** Exercise directions **
Take the line that contains "Silla comedor HVIDOVRE roble/tela negro" and all lines after it, up to and including the last line of the data, and write them out exactly; nothing else belongs in the answer.

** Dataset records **
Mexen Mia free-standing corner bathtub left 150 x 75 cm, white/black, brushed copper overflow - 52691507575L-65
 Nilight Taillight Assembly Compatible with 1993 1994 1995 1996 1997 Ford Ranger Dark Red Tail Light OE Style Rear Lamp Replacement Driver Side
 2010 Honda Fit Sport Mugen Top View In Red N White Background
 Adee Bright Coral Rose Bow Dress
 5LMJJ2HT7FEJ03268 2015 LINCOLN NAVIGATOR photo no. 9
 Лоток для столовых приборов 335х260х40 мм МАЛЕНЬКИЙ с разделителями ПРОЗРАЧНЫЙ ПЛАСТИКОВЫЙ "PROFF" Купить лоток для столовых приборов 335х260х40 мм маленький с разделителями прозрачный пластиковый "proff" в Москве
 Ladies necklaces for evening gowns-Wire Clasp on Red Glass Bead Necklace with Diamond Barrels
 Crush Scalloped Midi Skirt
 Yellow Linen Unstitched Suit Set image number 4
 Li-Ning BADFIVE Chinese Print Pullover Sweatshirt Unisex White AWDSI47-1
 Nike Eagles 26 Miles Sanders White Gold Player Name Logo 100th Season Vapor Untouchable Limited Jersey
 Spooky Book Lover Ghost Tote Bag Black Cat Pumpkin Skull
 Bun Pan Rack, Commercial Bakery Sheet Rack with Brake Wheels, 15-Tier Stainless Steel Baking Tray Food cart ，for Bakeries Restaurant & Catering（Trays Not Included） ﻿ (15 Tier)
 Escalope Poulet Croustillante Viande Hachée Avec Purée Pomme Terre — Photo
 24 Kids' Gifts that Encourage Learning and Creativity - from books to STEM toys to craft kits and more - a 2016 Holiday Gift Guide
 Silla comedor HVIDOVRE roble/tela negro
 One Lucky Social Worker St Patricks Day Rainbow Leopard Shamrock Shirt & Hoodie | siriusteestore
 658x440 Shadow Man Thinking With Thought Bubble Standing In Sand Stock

** Exercise output **
 Silla comedor HVIDOVRE roble/tela negro
 One Lucky Social Worker St Patricks Day Rainbow Leopard Shamrock Shirt & Hoodie | siriusteestore
 658x440 Shadow Man Thinking With Thought Bubble Standing In Sand Stock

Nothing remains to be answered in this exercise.